For a while I was visualizing arrows on the board, to see which squares were
attacked/defended by every piece. You can't really keep all those arrows in your head
simultaneously, but by making the effort long enough, you eventually stop seeing the
arrows and just automatically start paying attention to the squares where there's

something interesting to see: a piece attacked twice and only defended once, or a piece
that is pinned, for example.
I don't think anybody has a good idea exactly how that happens. It's hard to study,
because it's entirely inside somebody's head. So when somebody tells you what they
were thinking when they managed to achieve it, there's no guarantee that their way is a
good way. For most people, it really comes down to repetition.
Once it does start to happen you can start seeing a few moves ahead, and you can start
recognizing spatial patterns: is the center open, temporarily closed, or permanently
closed? Is the pawn structure on this side weak, or strong? Is the king safe, or
vulnerable?

shine5

8 months ago Quote #18

defenserulz wrote:

I'm not sure if I'm thinking about and/or looking at the board the wrong way,
but I simply cannot see everything that good players see, nor at the same
speed.
I've wondered if I just lack visual-spatial seeing and reasoning ability?
It's not just tactics or positional/strategic themes I sometimes fail to see, but I
also just have a hard time looking at the board and making sense of all the
possibilities. It feels like a blur sometimes. I have to literally focus on only
ONE piece at a time sometimes to see what that one piece can do...then onto
the next, etc.
As you can imagine, this is very time-consuming.
When I try to just see everything at once, it's hard to keep track of where stuff
is and all the various possibilities they have (individually and as a whole in
relation to other pieces).
I've sometimes tried looking at the board and imagining that only pawns exist
(something Yasser Seirawan has talked about in a lecture before).

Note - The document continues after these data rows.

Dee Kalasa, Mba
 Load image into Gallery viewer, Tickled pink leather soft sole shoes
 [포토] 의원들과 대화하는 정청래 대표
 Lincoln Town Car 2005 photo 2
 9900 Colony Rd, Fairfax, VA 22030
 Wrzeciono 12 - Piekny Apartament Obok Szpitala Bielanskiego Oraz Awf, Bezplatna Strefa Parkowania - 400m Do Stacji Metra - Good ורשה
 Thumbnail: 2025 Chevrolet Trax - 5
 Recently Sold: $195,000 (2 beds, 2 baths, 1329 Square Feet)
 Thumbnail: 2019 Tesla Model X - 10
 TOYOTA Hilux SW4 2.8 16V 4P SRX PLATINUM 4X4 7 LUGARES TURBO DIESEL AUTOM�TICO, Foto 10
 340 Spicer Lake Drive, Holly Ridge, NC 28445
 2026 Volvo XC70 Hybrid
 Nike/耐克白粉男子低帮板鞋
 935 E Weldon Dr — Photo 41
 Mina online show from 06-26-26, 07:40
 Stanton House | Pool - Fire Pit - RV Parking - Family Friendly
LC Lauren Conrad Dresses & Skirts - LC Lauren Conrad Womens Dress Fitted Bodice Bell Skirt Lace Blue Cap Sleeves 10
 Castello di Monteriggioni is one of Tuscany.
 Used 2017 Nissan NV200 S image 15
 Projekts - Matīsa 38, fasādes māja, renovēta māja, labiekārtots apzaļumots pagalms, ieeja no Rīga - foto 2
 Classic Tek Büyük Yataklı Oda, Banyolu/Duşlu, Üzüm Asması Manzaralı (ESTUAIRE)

This week I'm
trying to do it the other way too: looking at the board imagining only nonpawns exist.
When there are lots of pawns and lots of pieces, it gets really visually tough for
me.
ARe there tips for dealing with this? Is this a genetic skill people have? And
conversely, is there a disease like visual chess dyslexia that people could have?
Thoughts?
(Note: I don't notice I have this problem with other visual stuff...just chess.)
Try doing it this way, instead of trying to grasp the whole position at once, first look at all the
pieces one piece at a time. Look for hanging pieces. Then look for discovered checks/attacks,
double attacks, and forking and pinning opportunities. Then consider what move to make.
OspreySR

17 hours ago Quote #19

Here's what i did to get better.


First, do Danny R's recommendation to learn the board colors - then make flash cards if
you need them to be able to know the colors. for instance, if you pull a card that says
h5 - what color is that ..from your reflex memory..like multiplication.
Second, do the same thing with Knights. Use a flash card to pick a square and then
visualize where that knight can go in your head.
Next - look at Master games and count up all legal moves for both sides. Start timing
yourself to get it down really fast - all you care about is knowing how many legal moves
there are.
Last, I use my business knowledge and do a S.W.O.T. (analysis Strength, Weaknesses,
Opportunities, and Threats).
I look at that from my beginners knowledge of "My System" and the Checks, Captures,
and Threats analysis.

That got me to about 1700 at 15/10 time controls, but that is about where I sit now.
Now I am trying to end games better, that's where my game usually dies.
UseWithCare

2 minutes ago Quote #20

Not much to add to the advice given above. In 2015 one can already say there's an app
for every need. Try Chess Memory (for Android) or its iPhone equivalent. There's also
Chess Noir. Both these apps are designed to improve chess memory.